As patient carrying Medical Directive Card, I assume that the patient’s directive is disapproval for blood transfusion. To confirm the refusal, I will first try to talk with the person who can be mandated by the patients to the consent or dissent, such as her partner if possible. After that, I try to find out the unwillingness for blood transfusion means whole blood transfusion or partial blood component and seek the possibility for partial blood component transfusion by checking the card and talking the next of kin. If any blood transfusion is refused, I will find the advice from a senior doctor alternative treatment for this case. Getting back to the blood transfusion treatment guideline is also essential when it comes to exceptional cases. If no other senior doctor is available to seek the advice, I will call the helpline for the Jehovah’s Witnesses Patients.

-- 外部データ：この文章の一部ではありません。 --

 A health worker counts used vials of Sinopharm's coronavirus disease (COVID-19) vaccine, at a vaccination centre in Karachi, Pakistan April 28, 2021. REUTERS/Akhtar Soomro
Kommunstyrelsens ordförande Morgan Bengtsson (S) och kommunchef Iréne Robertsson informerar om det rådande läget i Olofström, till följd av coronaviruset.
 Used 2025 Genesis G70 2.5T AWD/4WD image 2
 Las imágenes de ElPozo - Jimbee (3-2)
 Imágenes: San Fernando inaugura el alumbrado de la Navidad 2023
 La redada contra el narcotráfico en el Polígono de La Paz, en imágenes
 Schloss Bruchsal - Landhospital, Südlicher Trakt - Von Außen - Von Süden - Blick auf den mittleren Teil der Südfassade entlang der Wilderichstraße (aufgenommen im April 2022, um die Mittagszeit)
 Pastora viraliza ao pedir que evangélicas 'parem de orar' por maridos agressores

If any ambiguous case, I will seek the advice for the situation from senior doctors, the local guideline, or helpline for this particular case to make a treatment plan. Knowing the limitation of my ability and seeking appropriate help will result in the safer practice for both patients and medical staffs.